<<<<

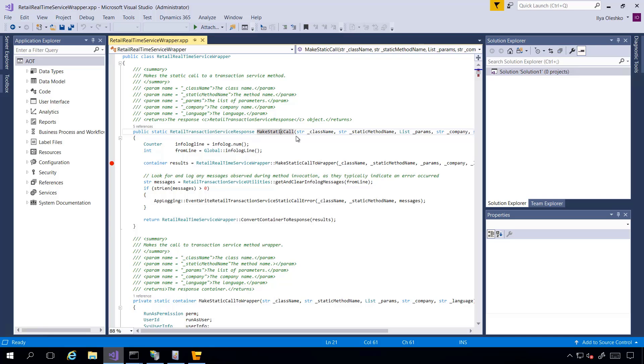Any Real-Time Service method called by Commerce Runtime will go through MakeStaticCall method. Now we need to find out to which process to attach our debugger.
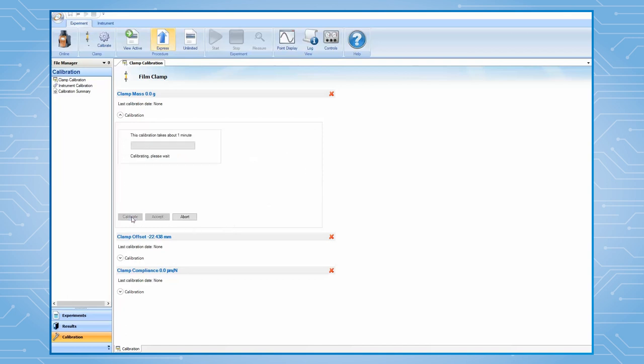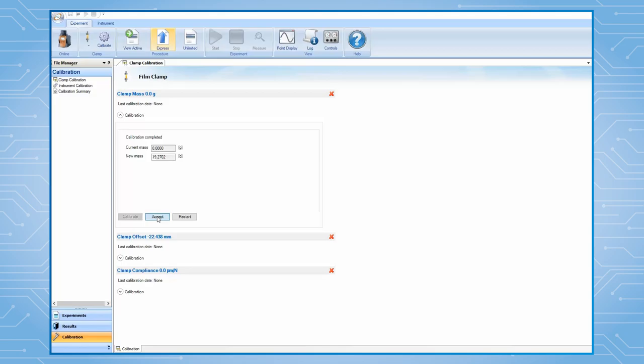This calibration is to measure the mass of the movable clamp. After it is finished, click on Accept.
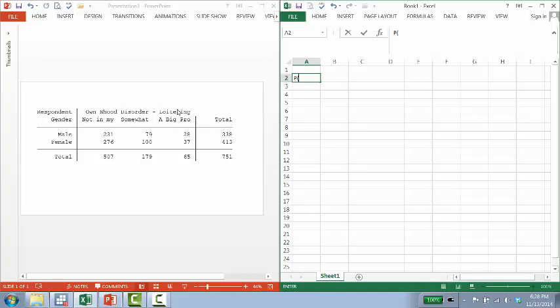And you can answer not in my neighborhood or not a problem. Somewhat of a problem is this middle category and a big problem is this last category.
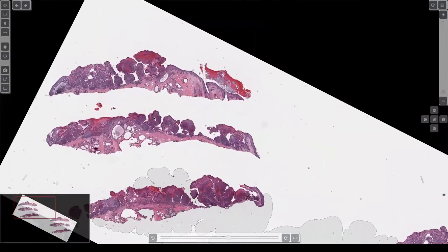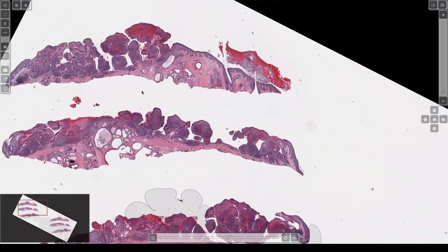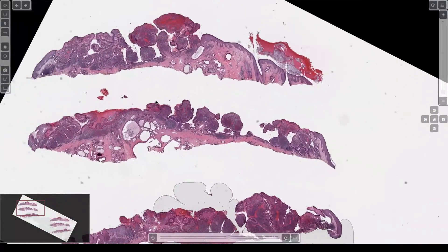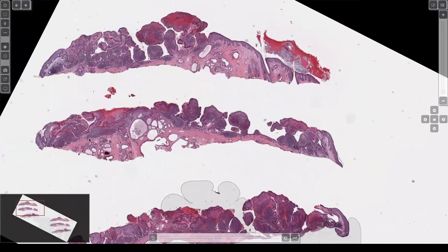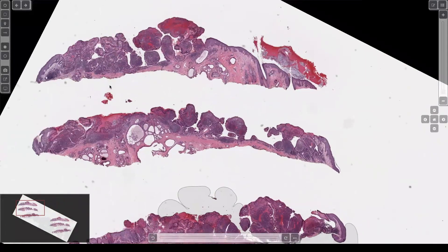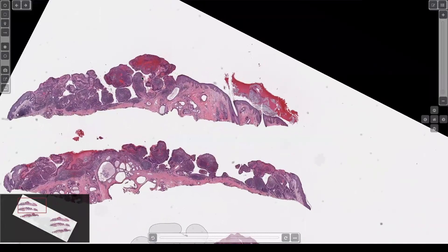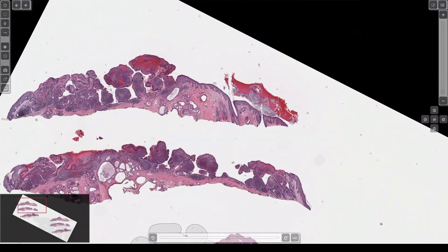Look at this. I have kind of a funky, weird looking lesion here. It's papillomatous on the surface. It's ulcerated a little bit. And it's got these kind of clefting spaces pushing down that have little islands floating in them.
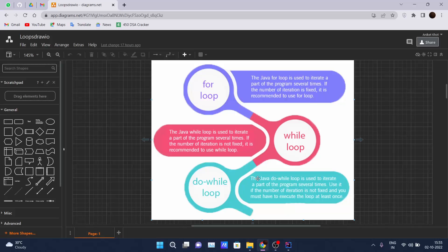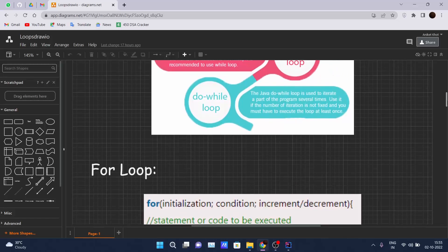The Java do-while loop is used to iterate a part of the program several times when the number of iterations is not fixed and you must execute the loop at least once. You can think of it as an incremental part of the while loop where you have to perform that task at least once, and then the while condition is checked. We will be discussing this in upcoming videos.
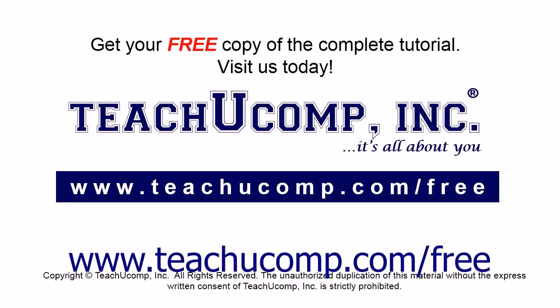Get your free copy of the complete tutorial at www.teachyoucomp.com forward slash free.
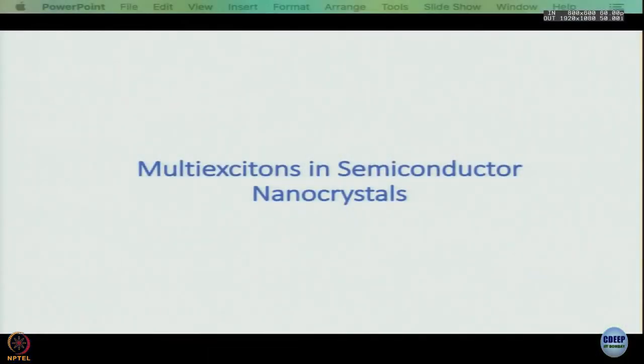Today we close our discussion on ultrafast dynamics in semiconductor nanoparticles. So far we have been talking about excitons and how they evolve — exciton trapping, ultra short and ultra long time constants, and we have seen an elegant example where a complicated decay has been handled and useful time constants and rate constants extracted. Today we move on to another phenomenon observed in nanoparticles: multi-excitons.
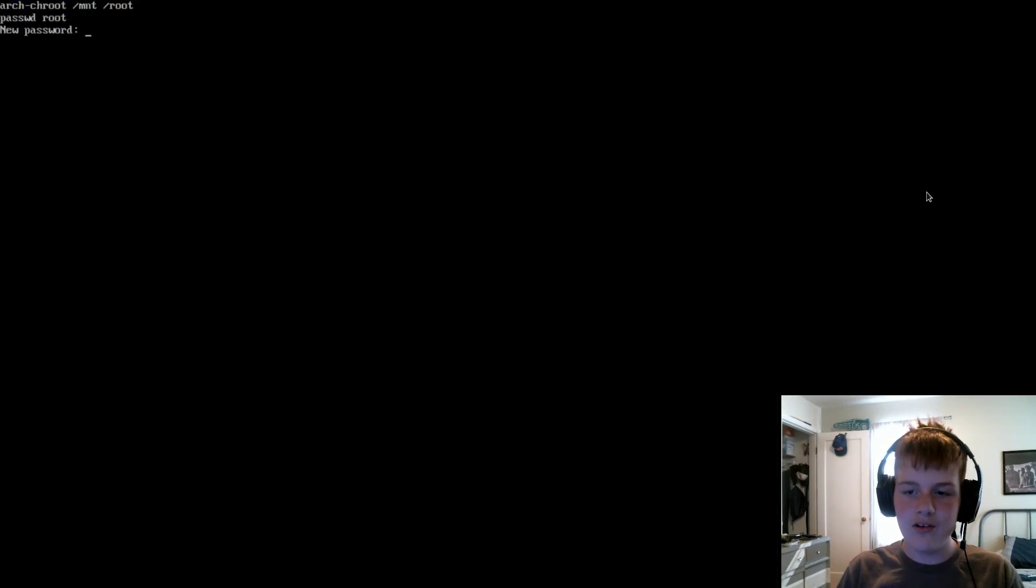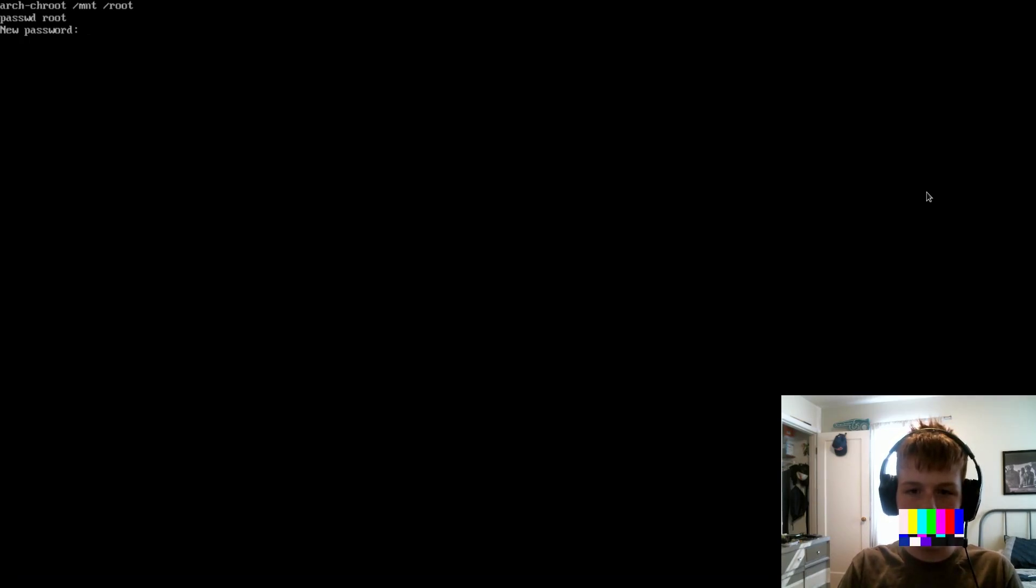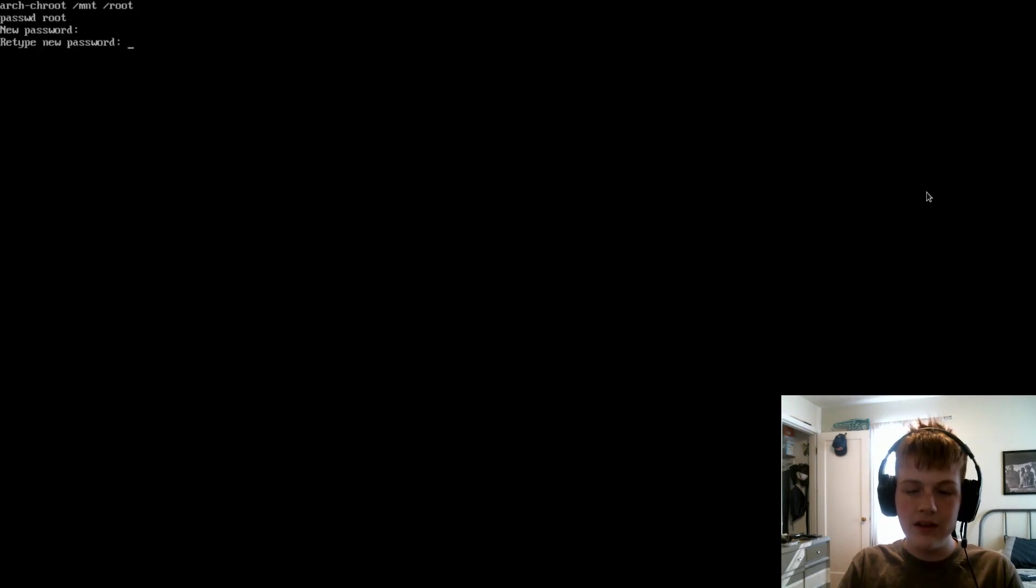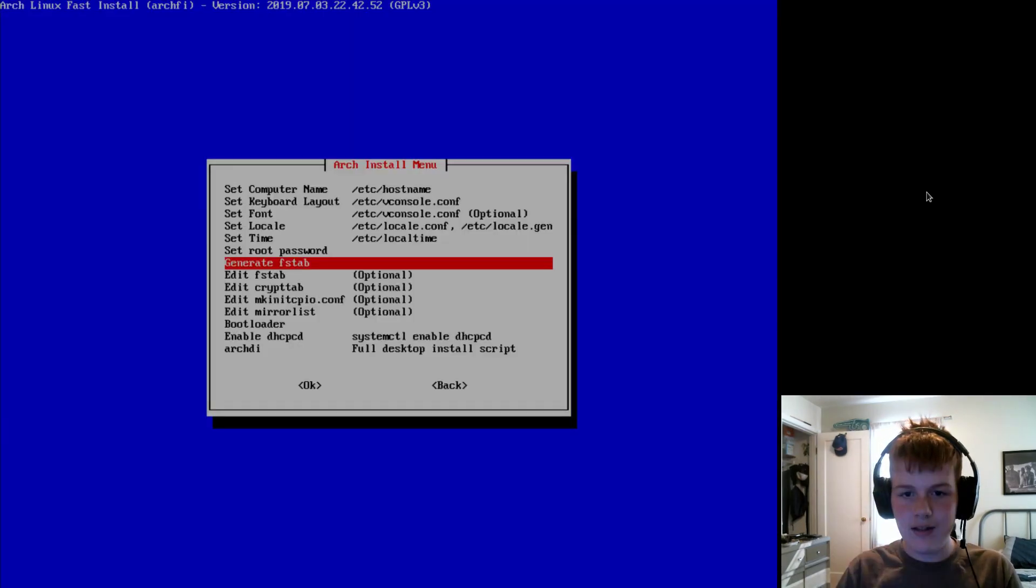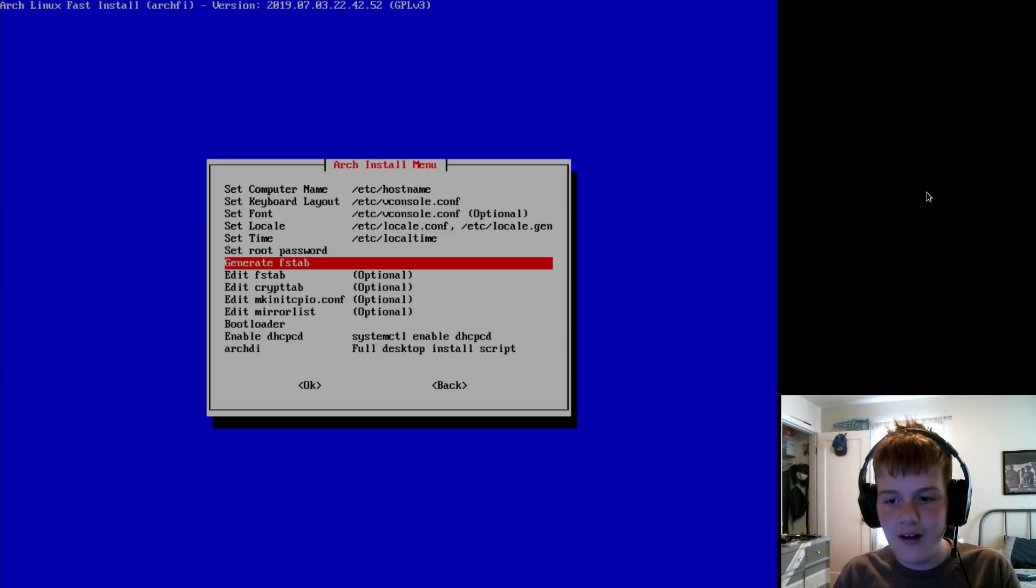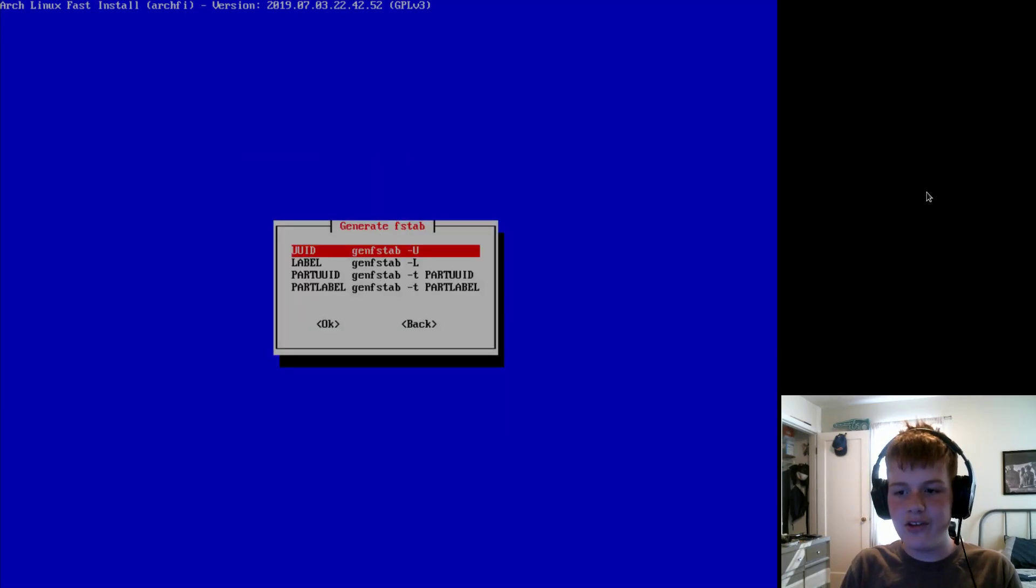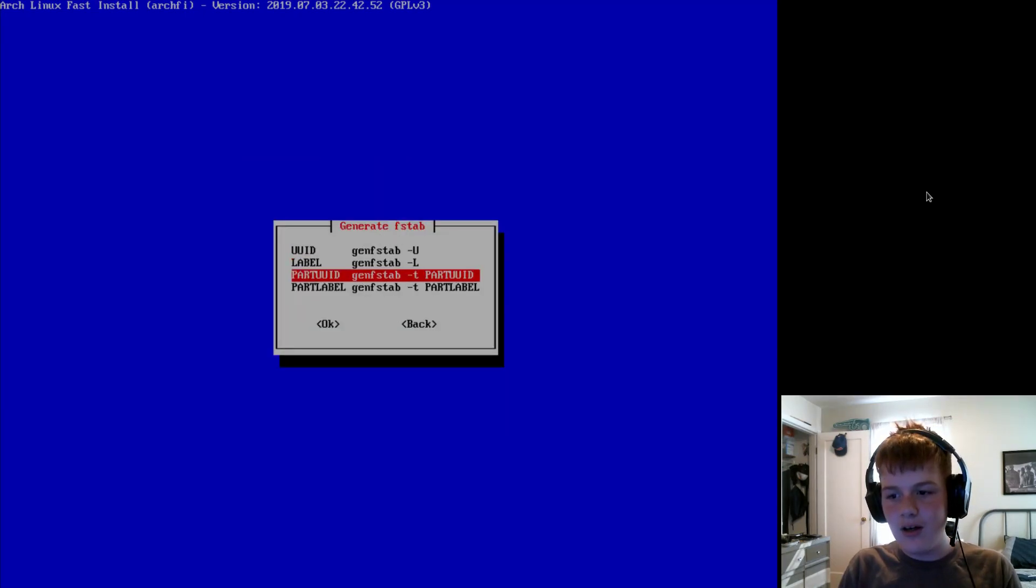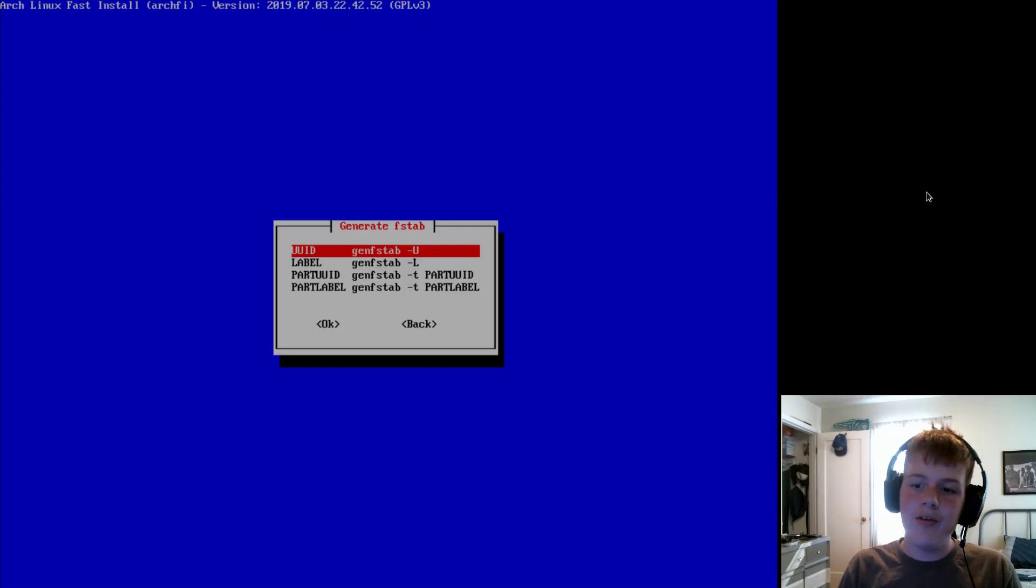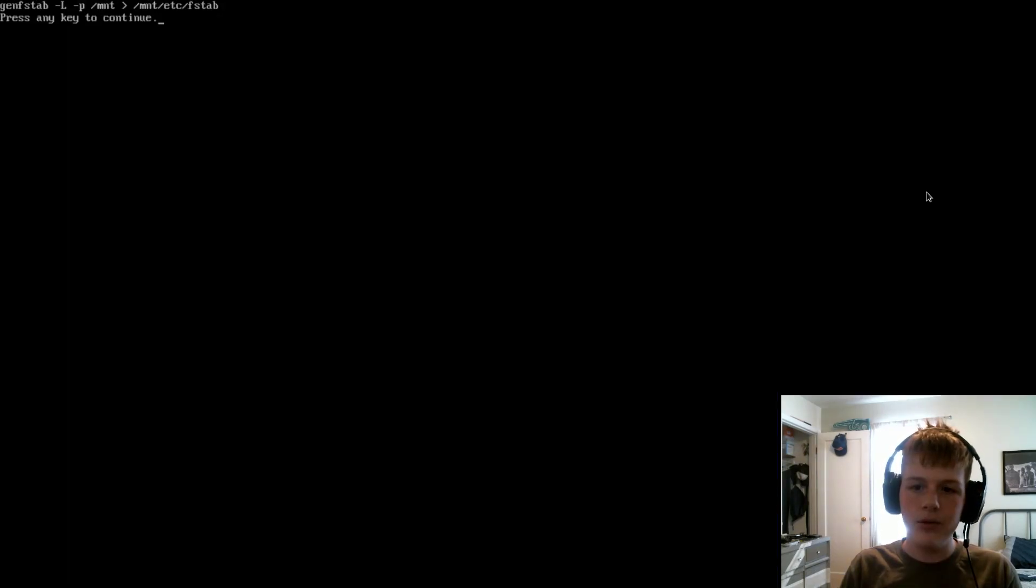Now, we're going to set our root password. I'm going to set my password to... anyways. There we go. Now, we're going to go to generate fstab. And, you can... I recommend either UUID or label. I'm going to do label.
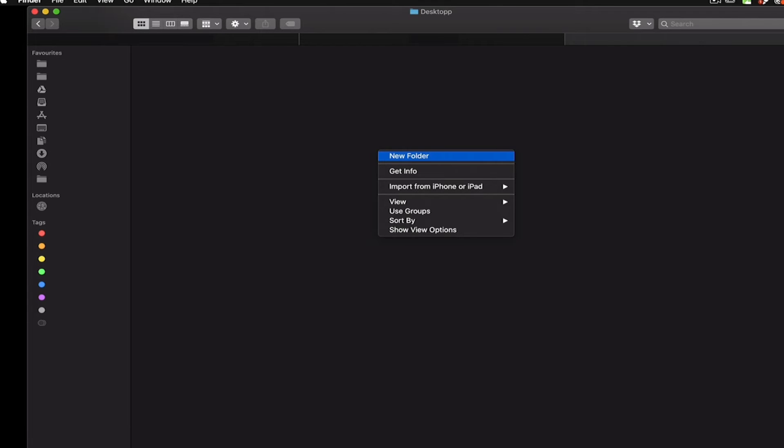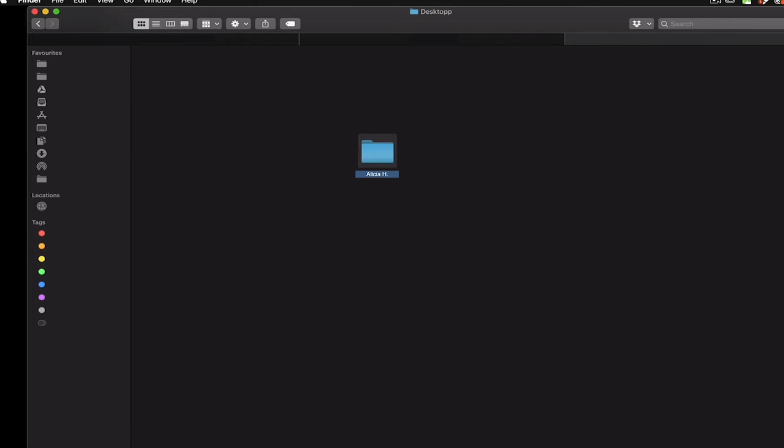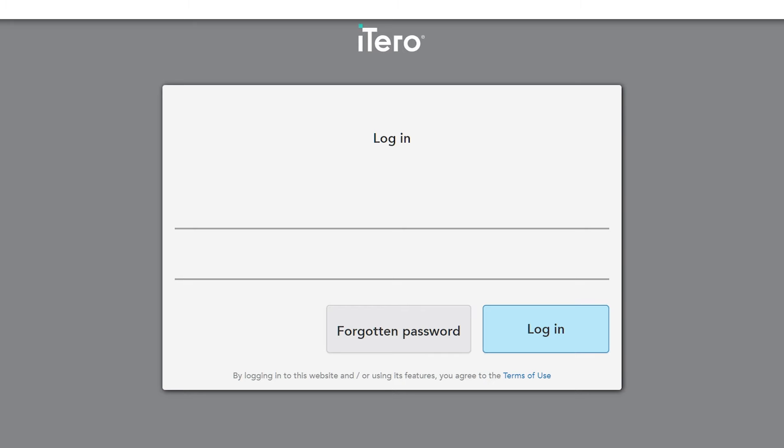Create an export folder on your local system using a unique patient identifier code, depending on your clinic's operating procedures. Log in to myitero.com.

>>>>

* Exercise description: Repeat word for word the lines beginning at the one with "Now, we're going to set" and ending at the final line of the records above, both included, and no others. Leave the pictures out.

* Written solution:
Now, we're going to set our root password. I'm going to set my password to... anyways. There we go. Now, we're going to go to generate fstab. And, you can... I recommend either UUID or label. I'm going to do label.
Create an export folder on your local system using a unique patient identifier code, depending on your clinic's operating procedures. Log in to myitero.com.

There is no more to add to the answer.